- _Data section_
◆ ◆ ◆ ◆ ◆ ◆ ◆

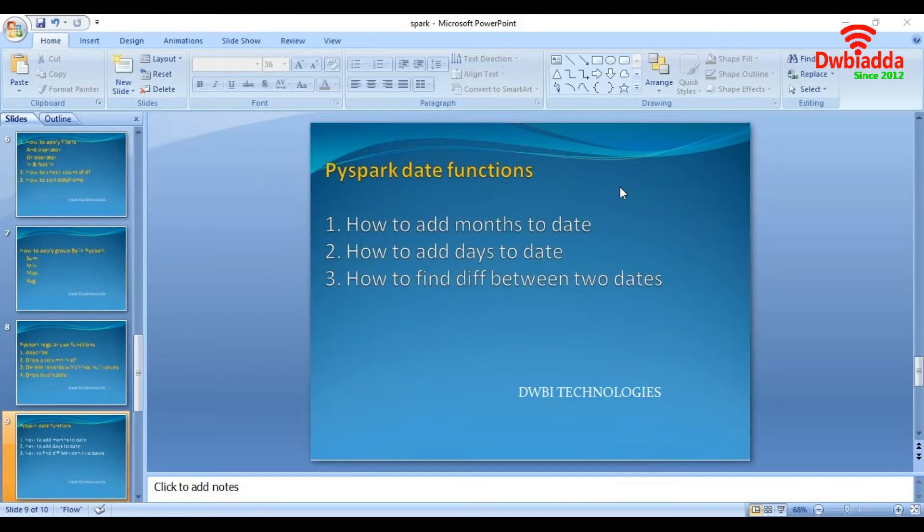First we will see how to add months to a date. Second, we will see how to add days to a date. And finally, we will see how to find the difference between two dates.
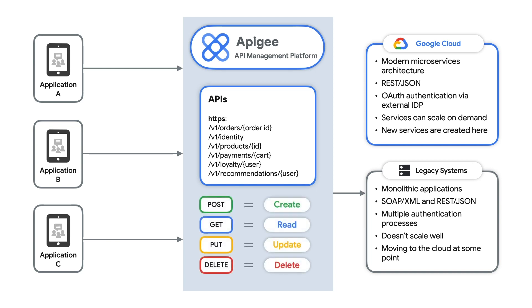I'll map the basic CRUD operations - create, read, update, and delete - to the HTTP verbs: post, get, put, and delete.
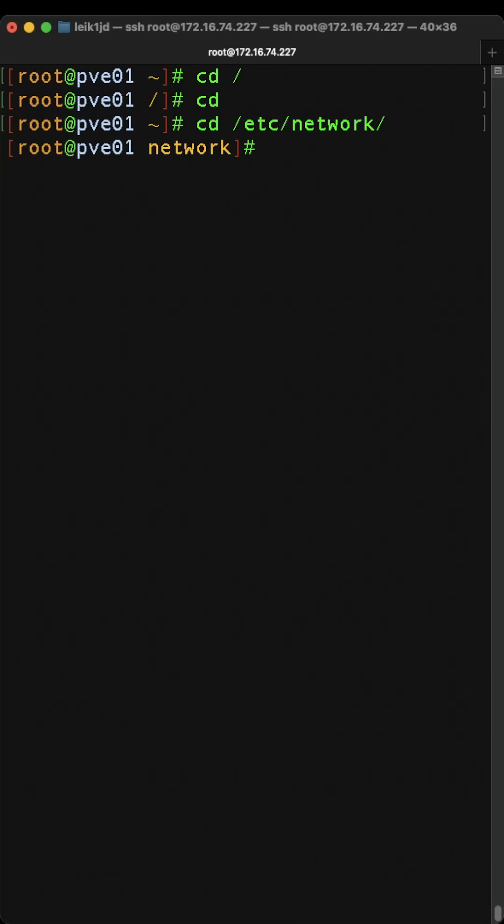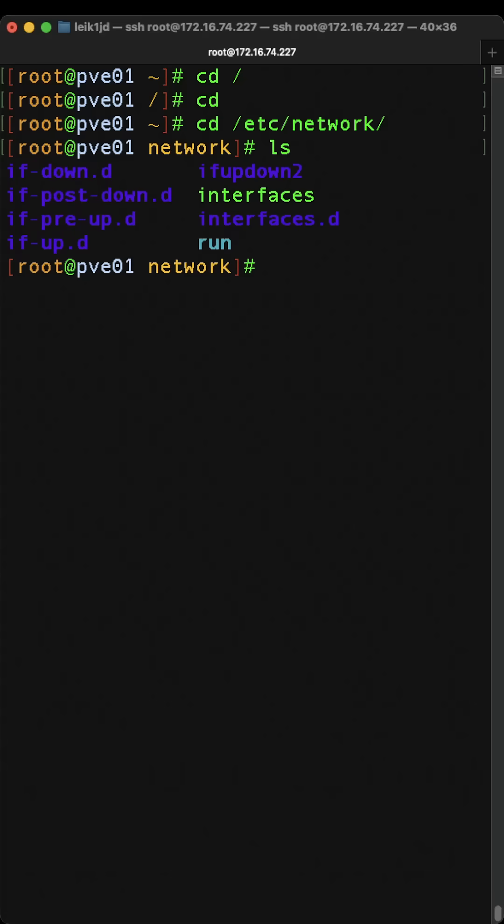And then we can use yesterday's command and do LS and see what is in that directory. And that's really all there is to it.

◆ ◆ ◆ ◆ ◆ ◆ ◆

Write out again every line above exactly as given; the pictures do not belong in the copy.

First we will see how to add months to a date. Second, we will see how to add days to a date. And finally, we will see how to find the difference between two dates.
I'll map the basic CRUD operations - create, read, update, and delete - to the HTTP verbs: post, get, put, and delete.
And then we can use yesterday's command and do LS and see what is in that directory. And that's really all there is to it.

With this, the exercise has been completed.